Optimising encoder twice during CURL? #20

wassname · 2021-02-20T10:34:45Z

Thanks for sharing your code, it's great to be able to go through the implementation.

Maybe I'm misunderstanding this, but it seem that if you intend self.cpc_optimizer to only optimise W, then

self.cpc_optimizer = torch.optim.Adam(
    self.CURL.parameters(), lr=encoder_lr
)

should be

self.cpc_optimizer = torch.optim.Adam(
    self.CURL.parameters(recursive=False), lr=encoder_lr
)

or

self.cpc_optimizer = torch.optim.Adam(
    [self.CURL.W], lr=encoder_lr
)

The code I'm referring to is here and the torch docs for parameter are here. And I'm comparing it to section 4.7 of your paper.

As it stands it seems that encoder is optimised twice, once in encoder_optimizer and again in cpc_optimizer.

Or am I missing something?

The text was updated successfully, but these errors were encountered:

LostXine · 2021-09-19T11:07:57Z

Hi @wassname
Thank you for pointing it out and I believe you are correct. Based on my very limited observation, optimizing the encoder once per call didn't affect the performance significantly in cheetah run. But it will be very helpful if someone could test it in more environments.
Thanks.

IpadLi · 2021-11-20T03:06:16Z

Hi,

It seems that the encoder in actor never be updated either by loss or soft update (EMA), except that in the initialisation.

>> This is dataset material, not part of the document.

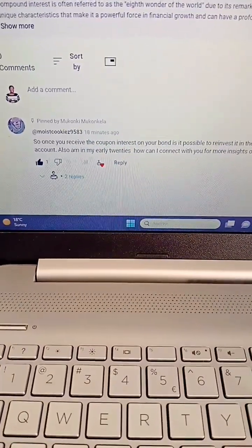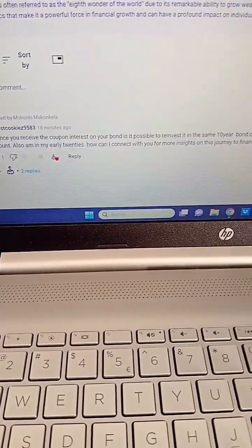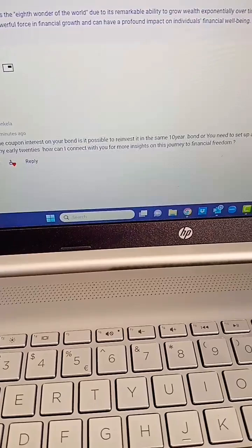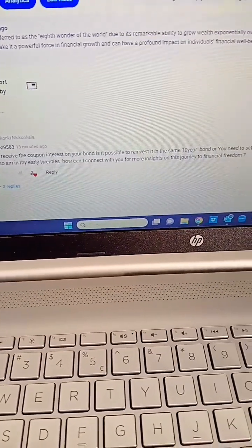This is a question I just got that I felt necessary to respond to as quickly as possible. Let's read it together: 'Once you receive the coupon interest on your bond, is it possible to reinvest it in the same 10-year bond, or do you need to set up another account? Also, I'm in my early 20s — how can I connect with you?' Great question, and you are in your early 20s — you are starting at the right time, well done.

# tie encoders between actor and critic, and CURL and critic self.actor.encoder.copy_conv_weights_from(self.critic.encoder)

Only the encoder in critic/critic_target is updated by the critic_loss and the cpc.

Is there any insight for not updating the encoder in the actor?

tejassp2002 · 2021-11-20T04:32:59Z

Hi @IpadLi, I wondered on this a while back and mailed @MishaLaskin about it.
This is the question I asked:

Why you are not updating the Shared encoder with the Actor Loss? Is there any specific reason for this?

@MishaLaskin 's reply:

I found that doing this resulted in more stable learning from pixels but it is also an empirical design choice and can be changed

IpadLi · 2021-11-20T06:59:31Z

Hi @tejassp2002 Thanks a lot.

Sobbbbbber · 2021-11-27T10:09:26Z

Hi, can we integrate the update_critic function and update_cpc function by adding the critic_loss and cpc_loss together?
Meanwhile, we only need two optimizers.
Is it feasible?

self.cpc_optimizer = torch.optim.Adam([self.CURL.W], lr=encoder_lr)
self.critic_optimizer = torch.optim.Adam(self.critic.parameters(), lr=critic_lr, betas=(critic_beta, 0.999))
loss = critic_loss + cpc_loss
loss.backward()
self.critic_optimizer.step()
self.cpc_optimizer.step()

KarlXing · 2022-03-05T02:06:49Z

Hi,

It seems that the encoder in actor never be updated either by loss or soft update (EMA), except that in the initialisation.

# tie encoders between actor and critic, and CURL and critic self.actor.encoder.copy_conv_weights_from(self.critic.encoder)

Only the encoder in critic/critic_target is updated by the critic_loss and the cpc.

Is there any insight for not updating the encoder in the actor?

The work of SAC+AE (https://arxiv.org/pdf/1910.01741.pdf) suggests to use the gradient from critic only (no actor) to update the encoder. Since this repo is based on the implementation of SAC+AE (as said in readme), I think CURL just follows it.

yufeiwang63 · 2022-04-16T22:05:43Z

Hi @IpadLi, I wondered on this a while back and mailed @MishaLaskin about it. This is the question I asked:

Why you are not updating the Shared encoder with the Actor Loss? Is there any specific reason for this?

@MishaLaskin 's reply:

I found that doing this resulted in more stable learning from pixels but it is also an empirical design choice and can be changed

Hi, thanks for posting the reply from the author!
Yet I don't think the reply answers the question -- even if we don't update the encoder with the actor loss, why shouldn't the actor encoder weights be copied from the critic encoder weights after each update to the critic encoder using the critic loss and cpc loss?
It is a bit strange to me that two different encoders are used for the actor and the critic, where the paper seems to indicate there is only 1 shared encoder. Moreover, the weights of the actor encoder is never updated after initialization, so essentially only the MLP part of the actor is being trained/updated.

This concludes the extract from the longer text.